此部分工作主要包含字段选择，数据清洗和数据编码，字段的处理如下：

Region_Code和Policy_Sales_Channel：分类数过多，且不易解读，删除；
Annual_Premium：异常值处理
Gender、Vehicle_Age、Vehicle_Damage：分类型数据转换为数值型编码

# 删除字段
train = train.drop(['Region_Code', 'Policy_Sales_Channel'], axis=1) 

# 盖帽法处理异常值
f_max = train['Annual_Premium'].mean() + 3*train['Annual_Premium'].std()
f_min = train['Annual_Premium'].mean() - 3*train['Annual_Premium'].std() 

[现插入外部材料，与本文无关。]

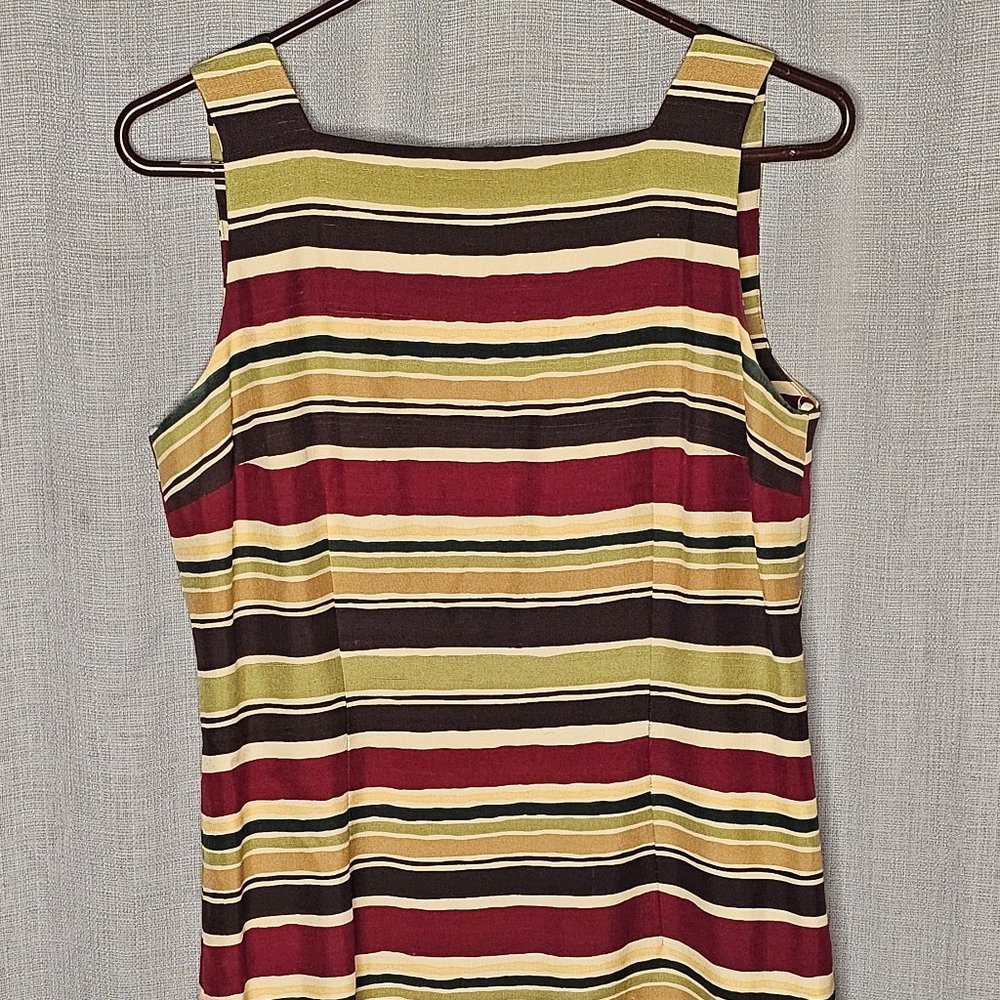 Ann Taylor striped 100% silk dress.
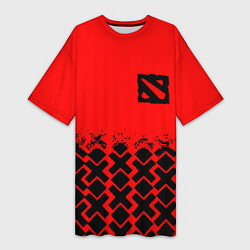 Футболка женская длинная Dota игровой паттерн, цвет: 3D-принт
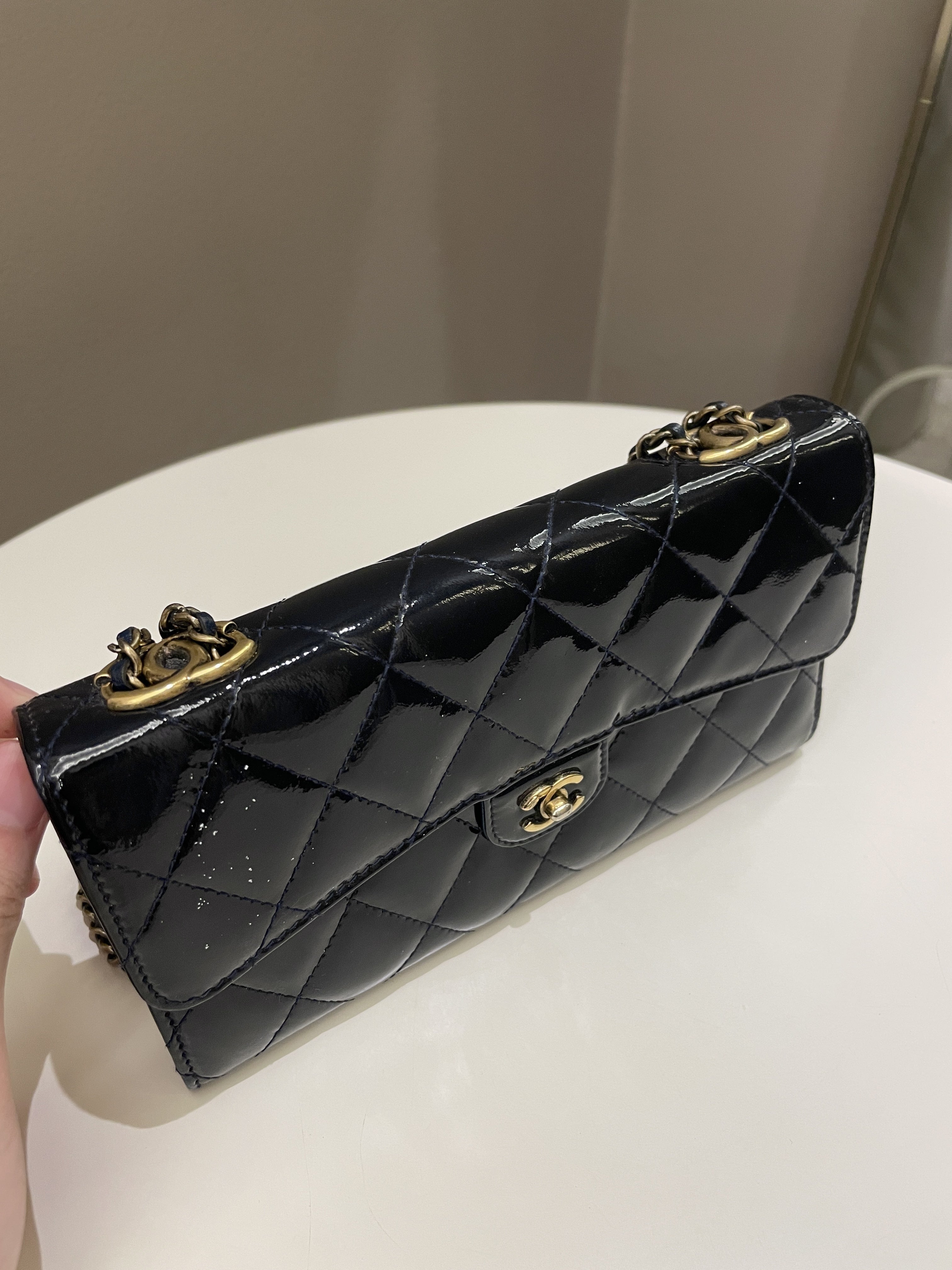 Chanel Double C Grommet Clutch On Chain Midnight Blue Patent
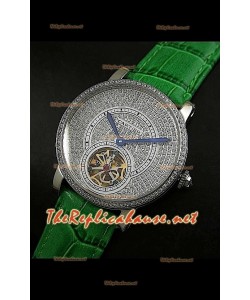 Cartier Calibre Tourbillon Montre avec Cadran de Diamants Bracelet Vert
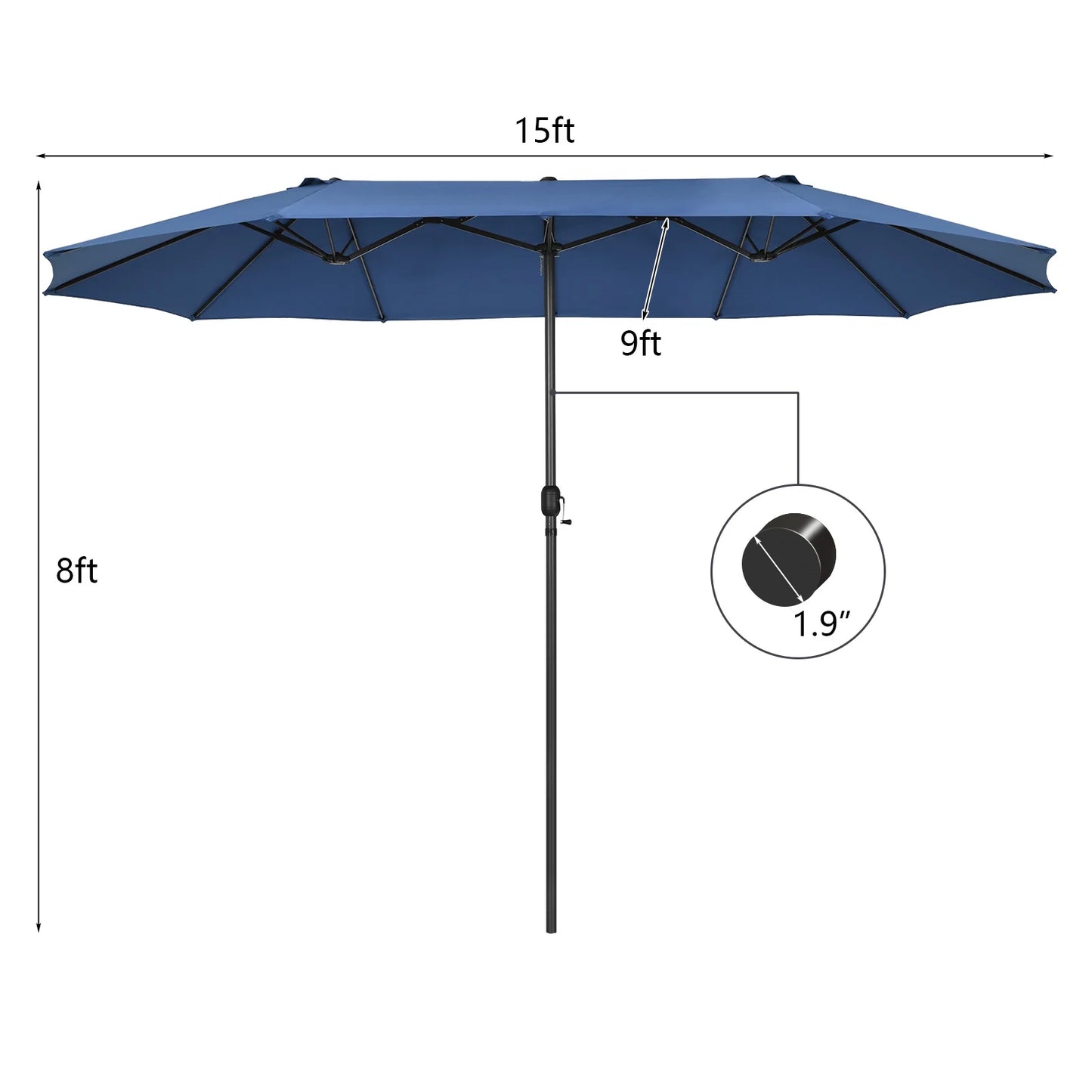 Patiojoy 15FT Double-Sided Twin Patio Umbrella Extra-Large Market Umbrella for Outdoor Navy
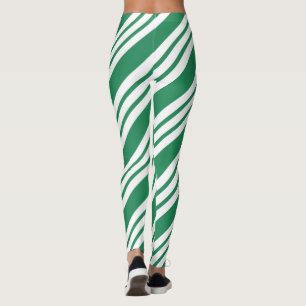 Green Christmas Party Holiday Candy Cane Leggings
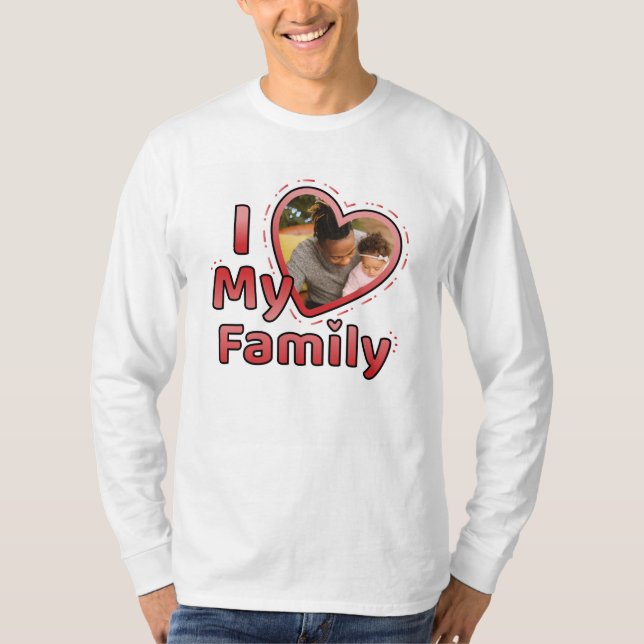 Camiseta Eu Amo A Foto Personalizada Da Minha Família (Frente)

train.loc[train['Annual_Premium'] > f_max, 'Annual_Premium'] = f_max
train.loc[train['Annual_Premium'] < f_min, 'Annual_Premium'] = f_min 

# 数据编码
train['Gender'] = train['Gender'].map({'Male': 1, 'Female': 0}) 
train['Vehicle_Damage'] = train['Vehicle_Damage'].map({'Yes': 1, 'No': 0}) 
train['Vehicle_Age'] = train['Vehicle_Age'].map({'< 1 Year': 0, '1-2 Year': 1, '> 2 Years': 2}) 
train.head()

测试集做相同的处理：

# 删除字段
test = test.drop(['Region_Code', 'Policy_Sales_Channel'], axis=1)  
# 盖帽法处理
test.loc[test['Annual_Premium'] > f_max, 'Annual_Premium'] = f_max
test.loc[test['Annual_Premium'] < f_min, 'Annual_Premium'] = f_min 

# 数据编码
test['Gender'] = test['Gender'].map({'Male': 1, 'Female': 0}) 
test['Vehicle_Damage'] = test['Vehicle_Damage'].map({'Yes': 1, 'No': 0}) 
test['Vehicle_Age'] = test['Vehicle_Age'].map({'< 1 Year': 0, '1-2 Year': 1, '> 2 Years': 2}) 
test.head()

06、数据建模

我们选择使用以下几种模型进行建置，并比较模型的分类效能。首先在将训练集划分为训练集和验证集，其中训练集用于训练模型，验证集用于验证模型效果。首先导入建模库：

# 建模
from sklearn.linear_model import LogisticRegression
from sklearn.neighbors import KNeighborsClassifier
from sklearn.tree import DecisionTreeClassifier
from sklearn.ensemble import RandomForestClassifier
from lightgbm import LGBMClassifier

# 预处理
from sklearn.preprocessing import StandardScaler, MinMaxScaler

# 模型评估
from sklearn.model_selection import train_test_split, GridSearchCV
from sklearn.metrics import confusion_matrix, classification_report, accuracy_score, f1_score, roc_auc_score

# 划分特征和标签
X = train.drop(['id', 'Response'], axis=1)
y = train['Response'] 

# 划分训练集和验证集(分层抽样) 
X_train, X_val, y_train, y_val = train_test_split(X, y, test_size=0.2, stratify=y, random_state=0) 
print(X_train.shape, X_val.shape, y_train.shape, y_val.shape) 
(304887, 8) (76222, 8) (304887,) (76222,)

# 处理样本不平衡，对0类样本进行降采样
from imblearn.under_sampling import RandomUnderSampler

under_model = RandomUnderSampler(sampling_strategy={0:133759, 1:37368}, random_state=0)
X_train, y_train = under_model.fit_sample(X_train, y_train)  
# 保存一份极值标准化的数据
mms = MinMaxScaler()

X_train_scaled = pd.DataFrame(mms.fit_transform(X_train), columns=x_under.columns)
X_val_scaled = pd.DataFrame(mms.transform(X_val), columns=x_under.columns)

# 测试集
X_test = test.drop('id', axis=1) 
X_test_scaled = pd.DataFrame(mms.transform(X_test), columns=X_test.columns)

1. KNN算法

# 建立knn
knn = KNeighborsClassifier(n_neighbors=3, n_jobs=-1)
knn.fit(X_train_scaled, y_train)

y_pred = knn.predict(X_val_scaled)

print('Simple KNeighborsClassifier accuracy：%.3f' % (accuracy_score(y_val, y_pred)))
print('Simple KNeighborsClassifier f1_score: %.3f' % (f1_score(y_val, y_pred)))  
print('Simple KNeighborsClassifier roc_auc_score: %.3f' % (roc_auc_score(y_val, y_pred)))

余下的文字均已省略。